As a leader for decades, the United States has played a pivotal role in shaping the world as we know it today, from facilitating global trade and commerce to promoting international stability and security. However, confronted with ever-changing geopolitical, military, economic, and technological shifts, policy makers must leverage the United State’s unique position to lead by looking past traditional approaches to these matters and adopting new strategies aimed at ensuring the long-term freedom, safety and security of both the U.S. and the world at large.

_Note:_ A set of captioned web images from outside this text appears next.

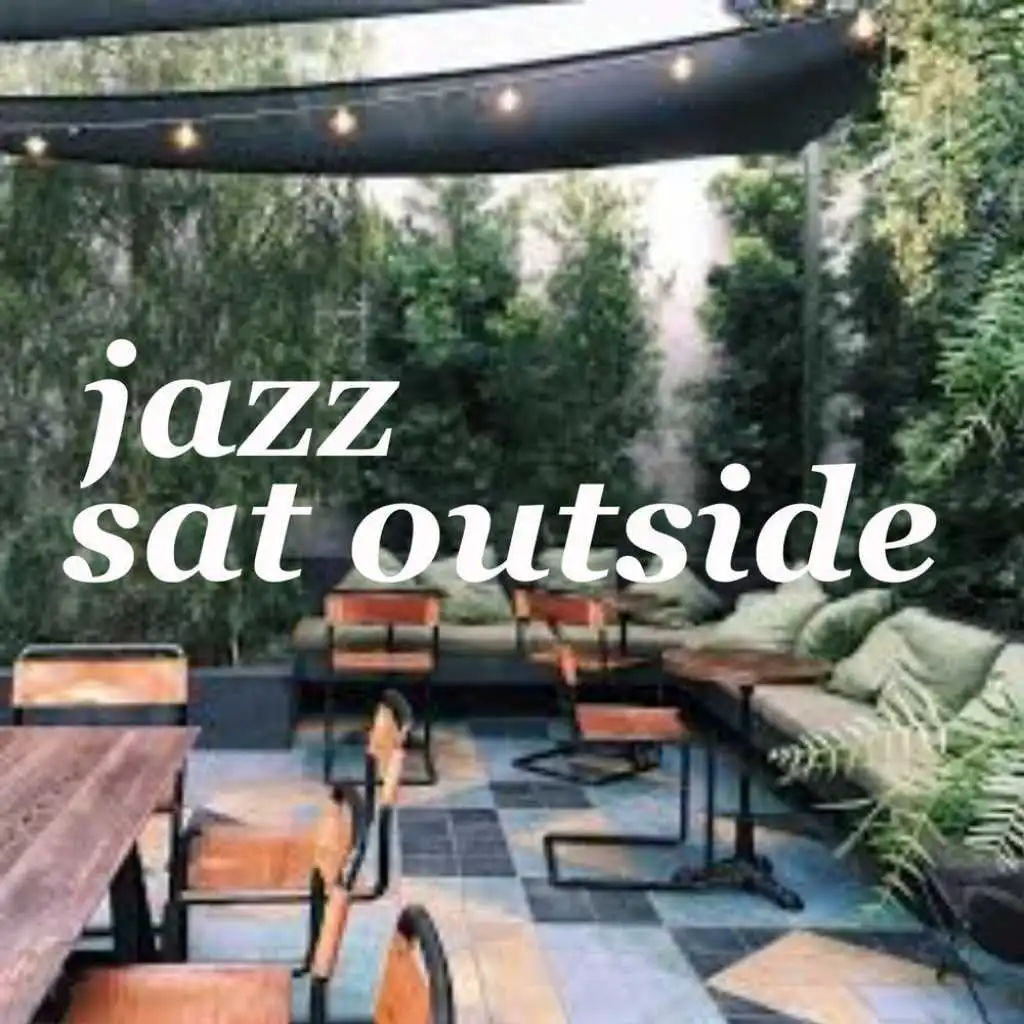 Jazz Sat Outside
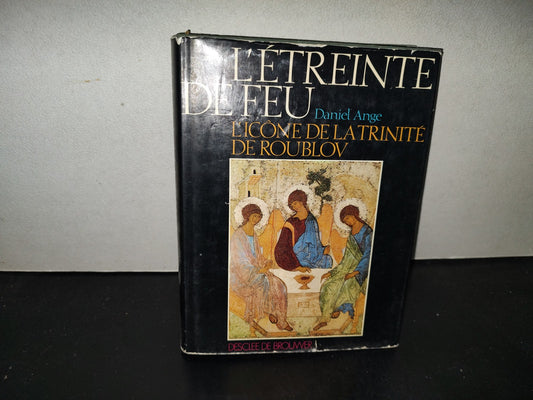 198- L'Etreinte De Feu. L'Icône De La Trinite De Roublov - Daniel Ange. Desclée De Brouwer, 1980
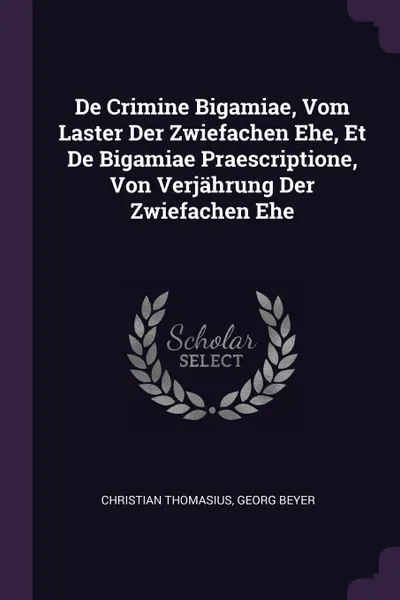 Обложка книги De Crimine Bigamiae, Vom Laster Der Zwiefachen Ehe, Et De Bigamiae Praescriptione, Von Verjahrung Der Zwiefachen Ehe, Christian Thomasius, Georg Beyer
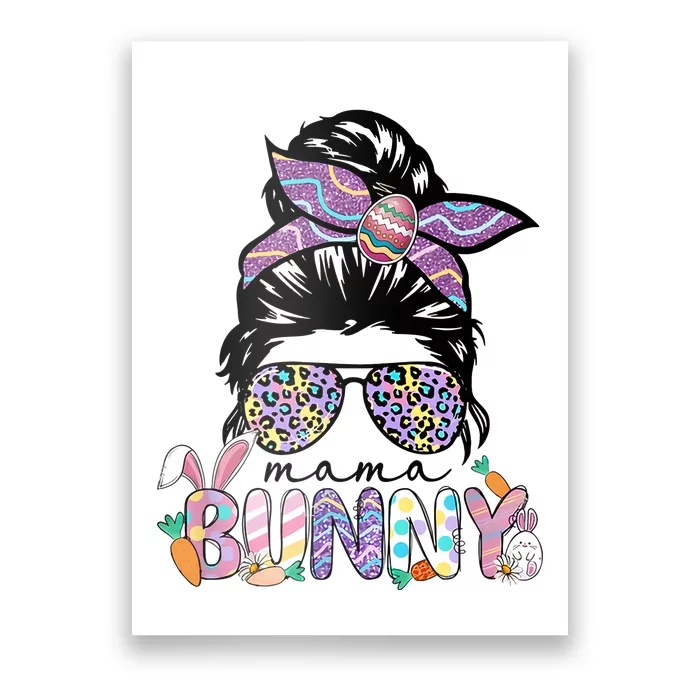 Messy Bun Mama Bunny Easter Bunny Rabbit Mom Easter Eggs Hunt Poster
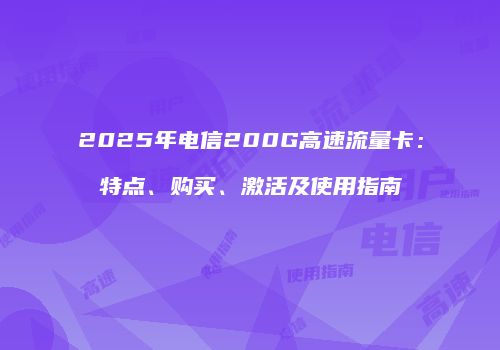 2025年电信200G高速流量卡:特点、购买、激活及使用指南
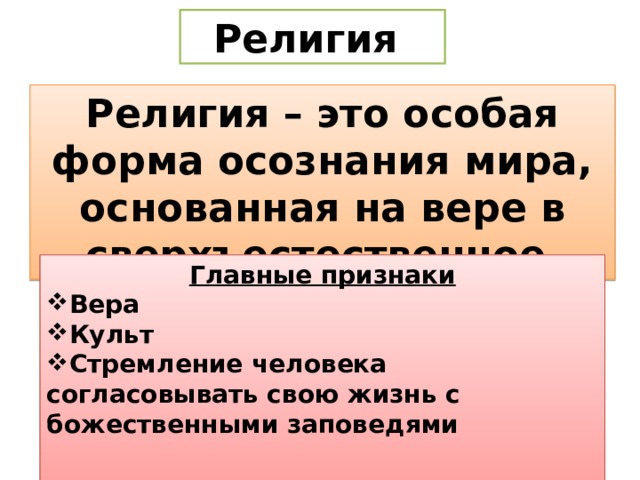 Религия Религия – это особая форма осознания мира, основанная на вере в сверхъестественное Главные признаки Вера Культ Стремление человека согласовывать свою жизнь с божественными заповедями  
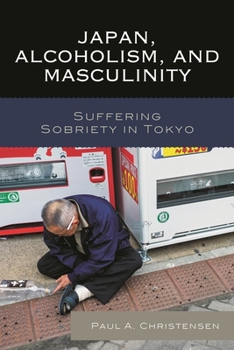 Paperback Japan, Alcoholism, and Masculinity: Suffering Sobriety in Tokyo Book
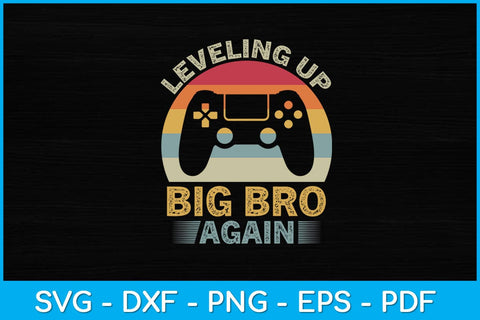 Funny Leveling Up To Big Bro Again Vintage Big Brother Svg Design SVG artprintfile 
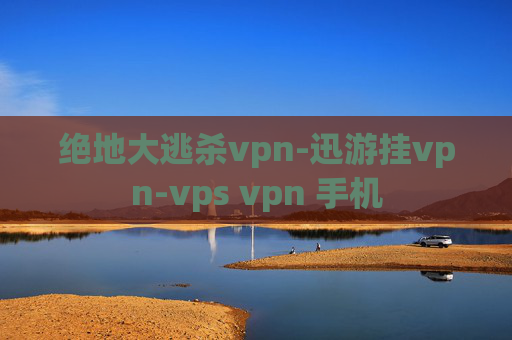 绝地大逃杀vpn-迅游挂vpn-vps vpn 手机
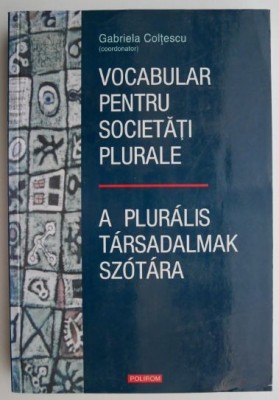 Vocabular pentru societati plurale/A pluralis tarsadalmak szotara (editie bilingva) &amp;ndash; Gabriela Coltescu foto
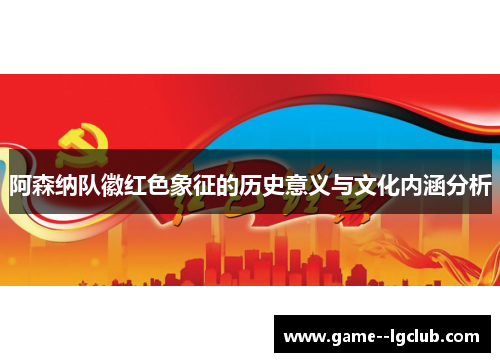 阿森纳队徽红色象征的历史意义与文化内涵分析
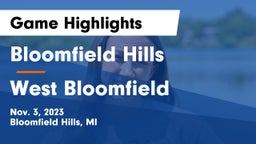 Bloomfield Hills  vs West Bloomfield  Game Highlights - Nov. 3, 2023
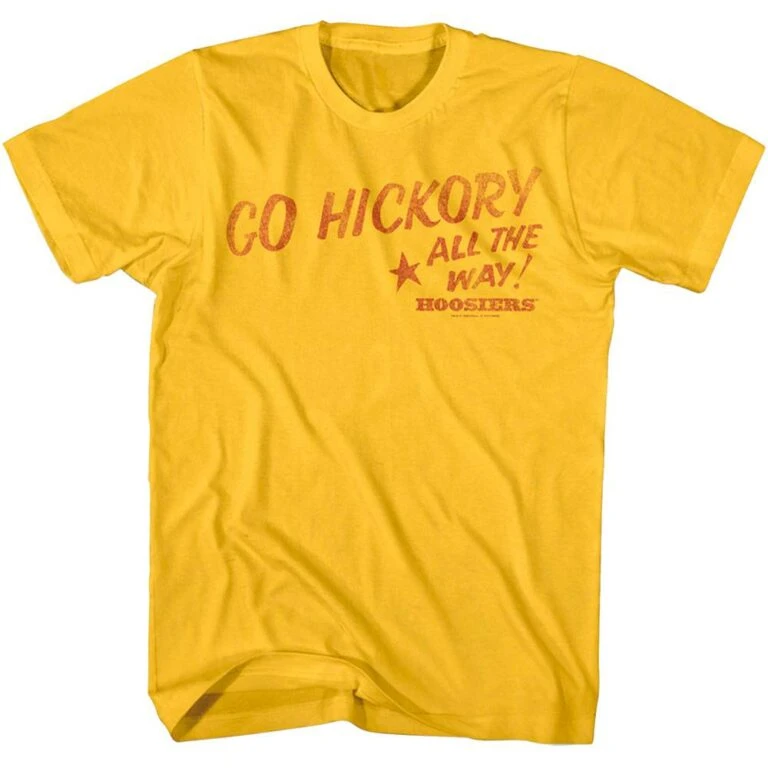 Hoosiers Go Hickory All the Way T-Shirt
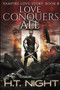 Love Conquers All by H.T. Night - Paperback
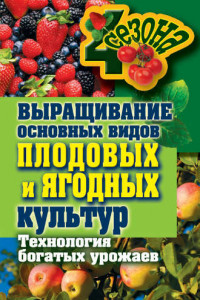 Книга Выращивание основных видов плодовых и ягодных культур. Технология богатых урожаев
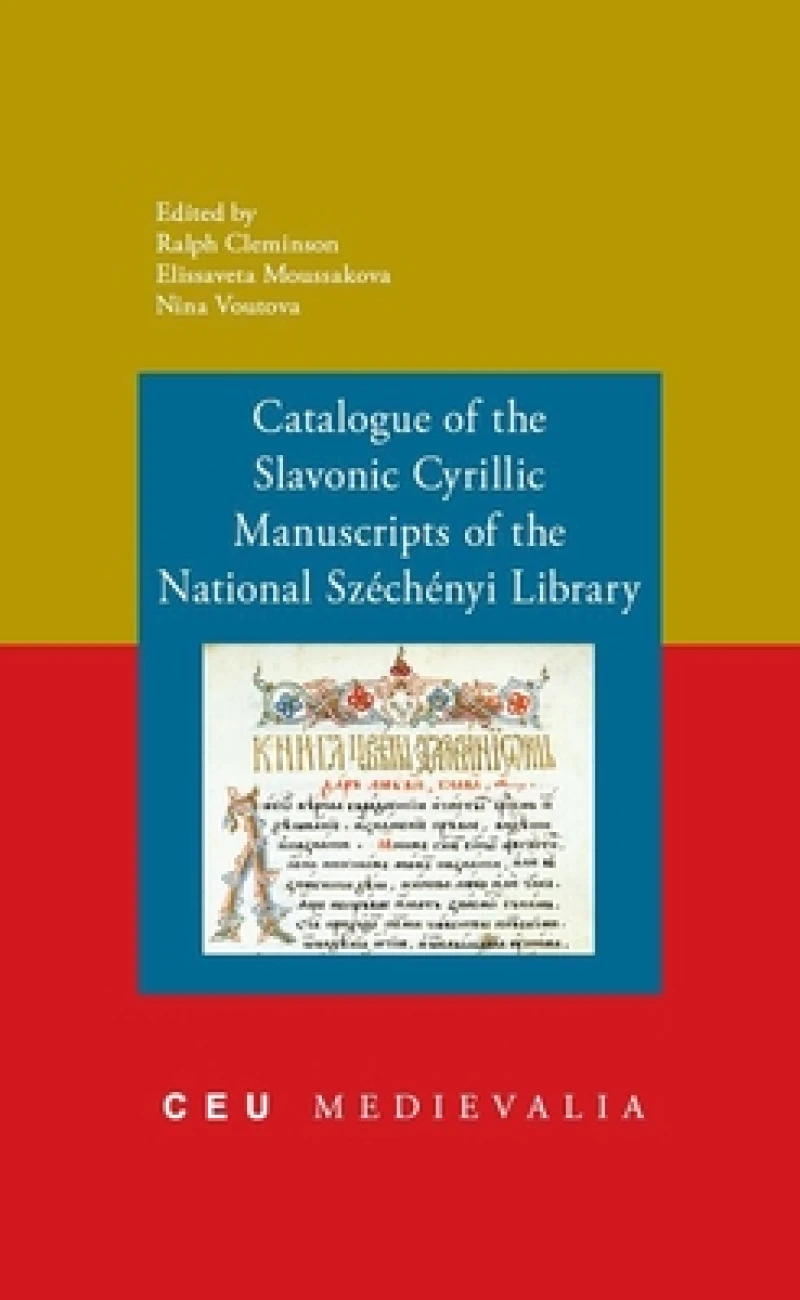 Catalogue of the Slavonic Cyrillic Manuscripts of the National Szechenyi Library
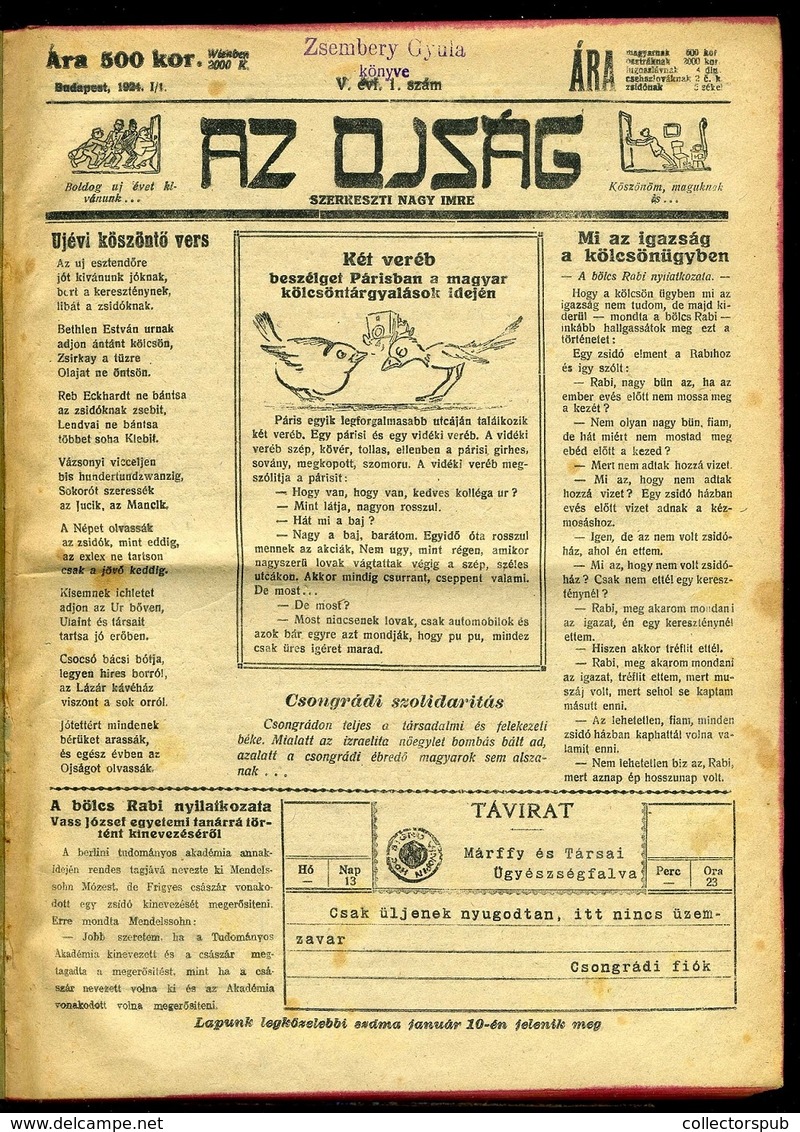 AZ OJSÁG  1924. Szerk :Nagy Imre Komplett évfolyam! Korabeli Kötésben A Gerinc Hiányzik,belül Jó állapotban. - Non Classés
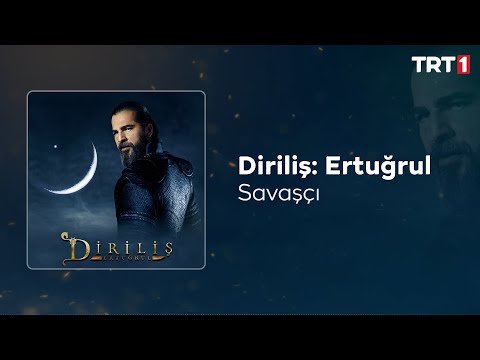 Savaşçı 🎧 Diriliş Ertuğrul Dizi Müzikleri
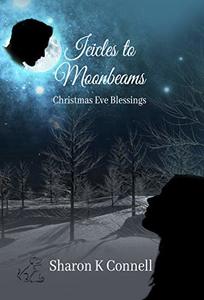 Icicles to Moonbeams: Christmas Eve Blessings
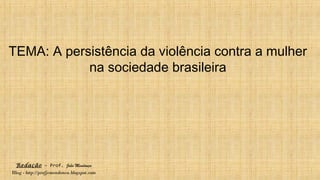 Redação – Prof. João Mendonça
Blog - http://profjcmendonca.blogspot.com
TEMA: A persistência da violência contra a mulher
na sociedade brasileira
 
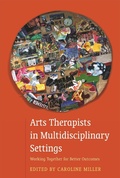 Cover: Arts Therapists in Multidisciplinary Settings - Jessica Kingsley Publishers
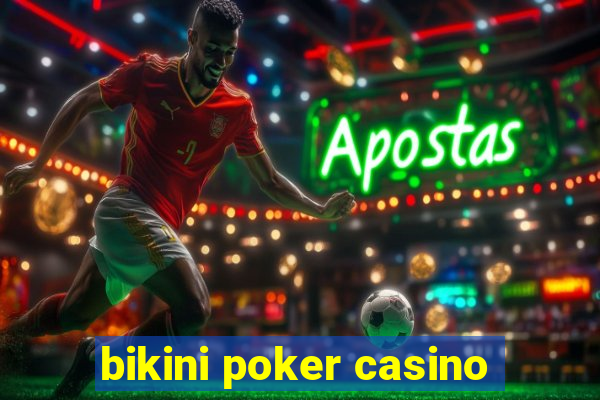 bikini poker casino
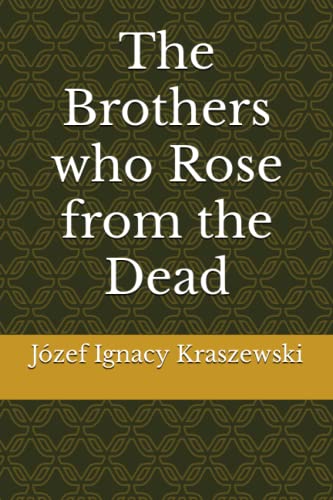 The Brothers who Rose from the Dead von Independently published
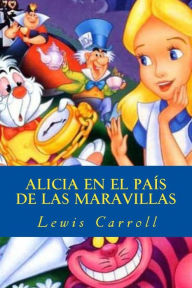 Alicia en el país de las maravillas Lewis Carroll Author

In an article entitled Why America Needs a Grand Strategy, author Dr. William C. Martel, Associate Professor of International Security Studies at the Fletcher School of Law and Diplomacy at Tufts University, advocates for a “grand strategy” for the United States, one that would provide “coherent guidance for navigating the challenges posed by the modern world.” Citing signs of increasing disorder and instability throughout the world, ranging from the collapse of nuclear negotiations with Iran to the current economic situation of the United States, Dr. Martel believes policy makers must devise a strategy that “deals with complexities while providing guidance that helps them formulate policies for dealing with the sources of disorder,” including threats “of rising states that challenge American power” along with those from small states that could “undermine global security.” The policy should also help the United States “deal with the expected ebbs and flows in world politics.” Additionally, provisions to deal with “unexpected surprises and gradual geopolitical shifts,” including developments in the global economy, must be considered, as well as those that address the “stunning progress in Internet and communications technologies” and the associated “risks posed by weapons of mass destruction and cyber warfare in the hands of non-state actors.”
The Mariner Group believes that the United States, as a world leader, has an opportunity to contribute to ensuring the safety and security of the world by looking ahead and committing to finding new ways to anticipate, prepare for, and protect against the evolving threats society is faced with. Recognizing the impossibility of predicting and planning for every potential threat, coupled with chaos and instability throughout the world, part of the strategy that the United States should adopt is proactive reaction, which by definition is an uncommon sense of how to move toward the future and to mitigate the need to react to things which have not happened yet by preventing them from happening (fully) in the first place. This approach, coupled with protocols and processes to ensure that individual occurrences are being appropriately prevented, will help strengthen our country’s ability to provide for the common defense in the area of yet-unrealized future threats.